[Data under study]
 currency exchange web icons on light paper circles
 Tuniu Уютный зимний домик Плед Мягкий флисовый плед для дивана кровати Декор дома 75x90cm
--
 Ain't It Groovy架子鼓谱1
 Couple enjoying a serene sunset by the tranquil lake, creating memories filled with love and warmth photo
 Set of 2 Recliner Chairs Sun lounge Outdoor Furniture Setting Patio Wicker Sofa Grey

[Work order]
There is a run of lines above from the one with "currency exchange web" to the one with "Tuniu Уютный зимний"; print exactly that run, both ends included, and nothing else.

[Expected answer]
 currency exchange web icons on light paper circles
 Tuniu Уютный зимний домик Плед Мягкий флисовый плед для дивана кровати Декор дома 75x90cm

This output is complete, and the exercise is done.